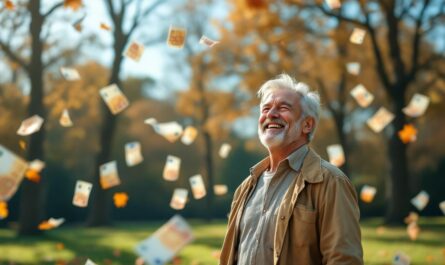 un gagnant au heureux du Loto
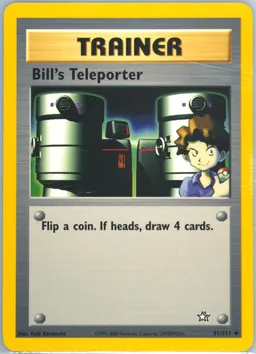Bill's Teleporter #91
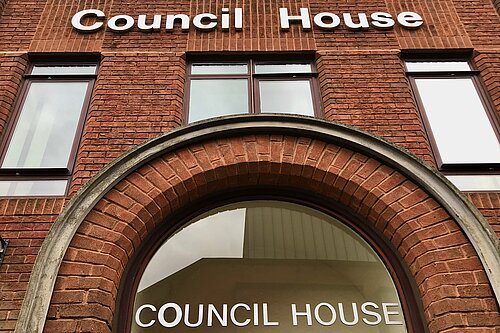 Solihull Council House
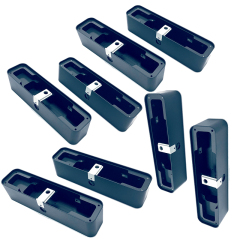 kamikawa precision CNC machining service aluminum anodized metal housing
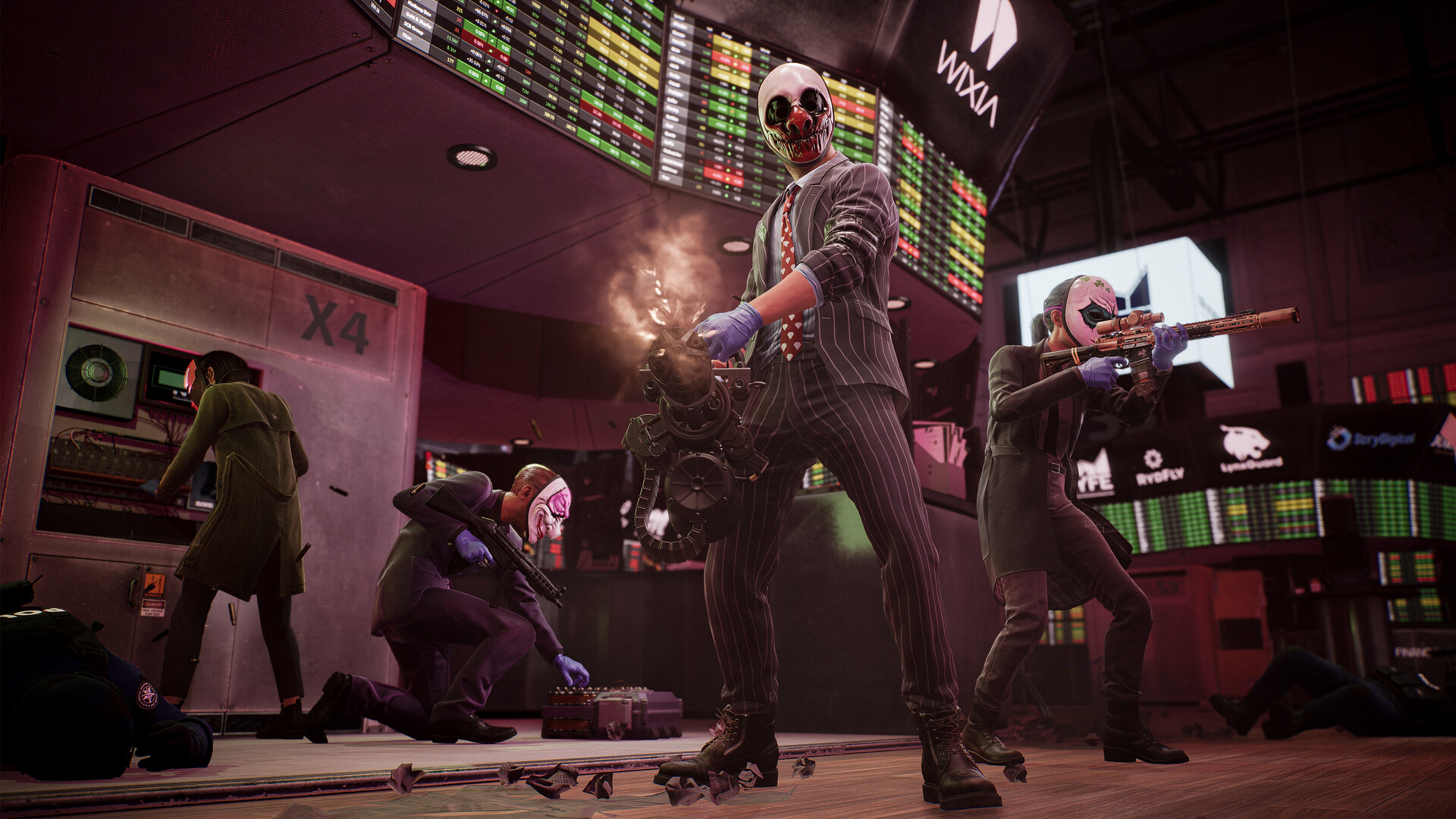 PAYDAY 3: Fear  Greed Heist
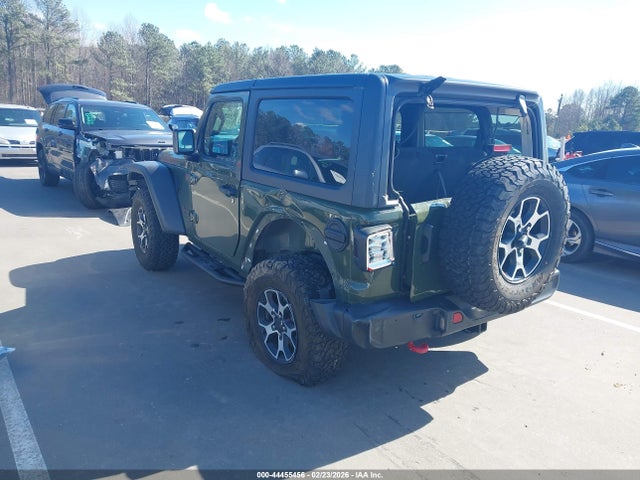 Aukcja sprzedaży 2021 Jeep Wrangler Rubicon 4x4, vin: 1C4HJXCN5MW741098, numer aukcji: 44455456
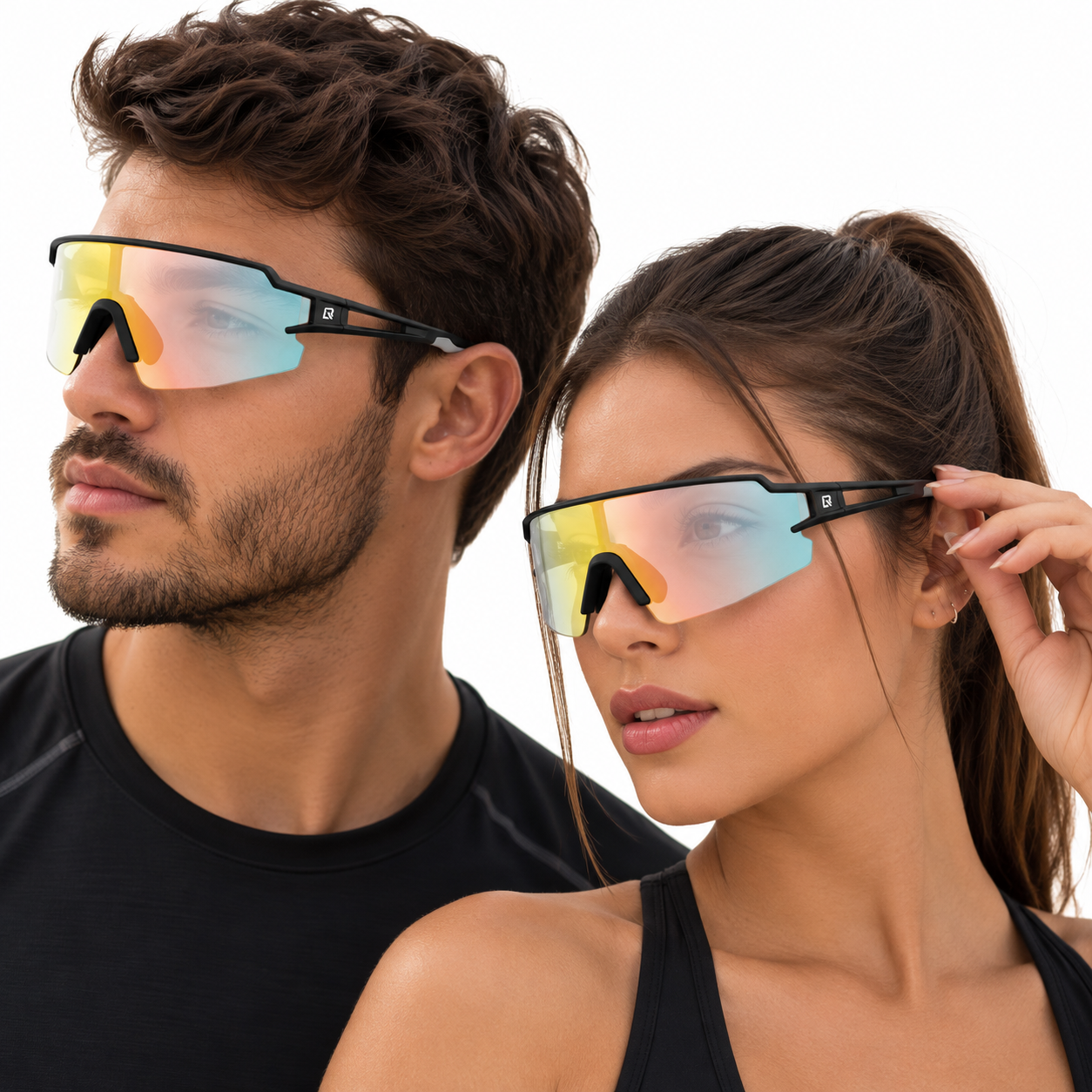 Óculos de Ciclismo Unissex Polarizado Fotocromático UV400 Montevie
_ _ _ _ _ _ _
* **EXERCISE REQUIREMENTS**:
Could you repeat all of the data exactly, minus the pictures?

* **RESPONSE TO THE EXERCISE**:
 un gagnant au heureux du Loto
Bill's Teleporter #91
 Solihull Council House
 kamikawa precision CNC machining service aluminum anodized metal housing
 PAYDAY 3: Fear  Greed Heist
 Aukcja sprzedaży 2021 Jeep Wrangler Rubicon 4x4, vin: 1C4HJXCN5MW741098, numer aukcji: 44455456
 Óculos de Ciclismo Unissex Polarizado Fotocromático UV400 Montevie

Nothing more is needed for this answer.